PC makers have put forth Oculus Rift bundles for those interested in jumping into VR but don't have a PC capable of driving the headset. However, most start at $1,499 (about £1,044, AU$1,947) with the Rift included and one combo even breaks the $3,000 (about £2,105, AU$3,977) price ceiling.
Who says it has to be that expensive?
We set out on a mission to build an (relatively) affordable, VR-ready PC with the help of Newegg (opens in new tab) that met all the criteria necessary to drive a headset like the Oculus Rift and the HTC Vive, while costing less – for better components – than anyone's PC bundles.
Building a computer yourself not only makes this venture cheaper, it also gives you full reign to upgrade and overclock your system, not to mention choose which headset you want from the start.
Without further ado, here's our affordable, VR-ready gaming rig, which, at the time of this writing, rang up for $855 (opens in new tab) or £765 (about AU$1,115).
3.2GHz Intel Core i5-6500 quad-core processor
Oculus VR recommends an Intel Core i5-4590 processor, but in the interest of a more modern chip – and for the same price to boot – we went with a Skylake-based Intel Core i5-6500. The quad-core CPU is plenty fast at its base 3.2GHz speed, and it has even more headroom with the ability to overlock up to 3.6Ghz.
Unlike graphics cards, you'll be able to stand by the same processor for more than a few years, so it's best to invest in a recent chip.
If you're looking for some more affordable alternatives at the cost of a little clock speed, you could drop down to an Intel Core i5-6400 processor.
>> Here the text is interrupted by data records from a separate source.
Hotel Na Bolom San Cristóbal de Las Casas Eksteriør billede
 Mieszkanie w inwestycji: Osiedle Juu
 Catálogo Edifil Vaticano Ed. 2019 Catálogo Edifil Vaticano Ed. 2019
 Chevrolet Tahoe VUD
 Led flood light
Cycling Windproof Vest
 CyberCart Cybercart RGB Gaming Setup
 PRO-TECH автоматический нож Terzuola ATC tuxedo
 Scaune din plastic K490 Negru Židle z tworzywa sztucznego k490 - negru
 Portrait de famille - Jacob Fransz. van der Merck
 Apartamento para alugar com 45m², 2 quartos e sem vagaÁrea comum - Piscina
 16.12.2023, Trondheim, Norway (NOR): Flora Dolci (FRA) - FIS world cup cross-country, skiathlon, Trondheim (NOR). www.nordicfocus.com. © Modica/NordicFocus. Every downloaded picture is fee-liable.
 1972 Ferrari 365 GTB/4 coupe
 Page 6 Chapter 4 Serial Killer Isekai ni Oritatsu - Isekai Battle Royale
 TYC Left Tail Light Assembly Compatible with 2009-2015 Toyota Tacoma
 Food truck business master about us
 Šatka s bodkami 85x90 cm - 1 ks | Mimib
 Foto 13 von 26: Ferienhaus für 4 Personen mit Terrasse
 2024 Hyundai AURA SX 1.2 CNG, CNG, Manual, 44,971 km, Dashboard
Ultimately, though, Intel tells us it is critical that you pick up a Core i5-4590 or higher.
While VR depends heavily on the GPU, any graphics card also needs the processor to manage some particle effects, physics, procedural content, game AI, I/O management, initialization and level setup, tracking and object identification. On top of that, Intel predicts VR experiences will become more sophisticated with multiplayer content and 3D audio.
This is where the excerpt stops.